Evanescence - Call Me When You’re Sober
tylus Magazine's Seconds column examines those magic moments that arise when listening to a piece of music that strikes that special chord inside. That pounding drum intro; a clanging guitar built-up to an anthemic chorus; that strange glitchy noise you've never quite been able to figure out; that first kiss or heartbreak; a well-turned rhyme that reminds you of something in your own past so much, it seems like it was written for you—all of those little things that make people love music. Every music lover has a collection of these Seconds in his or her head; these are some of ours.

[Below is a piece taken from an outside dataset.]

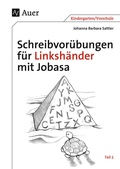 Cover: Schreibvor&uuml;bungen f&uuml;r Linksh&auml;nder mit Jobasa - Auer Verlag in der AAP Lehrerwelt GmbH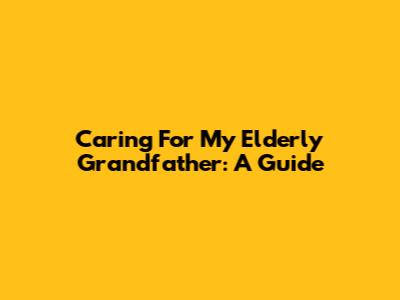 Caring For My Elderly Grandfather: A Guide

Right off, I have to apologize: you're not receiving this article under optimum conditions. Ideally, we'd be sitting on the iron bench outside my front door. We'd be toasted on Thunderbird, and I'd be excitably summarizing this article aloud. Because, really, Stylus kind of killed the mood just by slapping the title on the front page. You're here, at least. Let's go.
Even since I moved into my new place, I spend the wee hours every night after work on the more uncomfortable of our two couches (it's nearest the one good outlet for my laptop). We've got the digital cable for another month or so; the beauty of digital cable is in groupings. So I'm constantly casting between MTV, VH1 Classic, the local music video station, Great American Country, whatever. It terrifies me, what I could be doing instead. This week, I've been looking for the new Killers video. When did Brandon Flowers become Scott Walker? It doesn't matter.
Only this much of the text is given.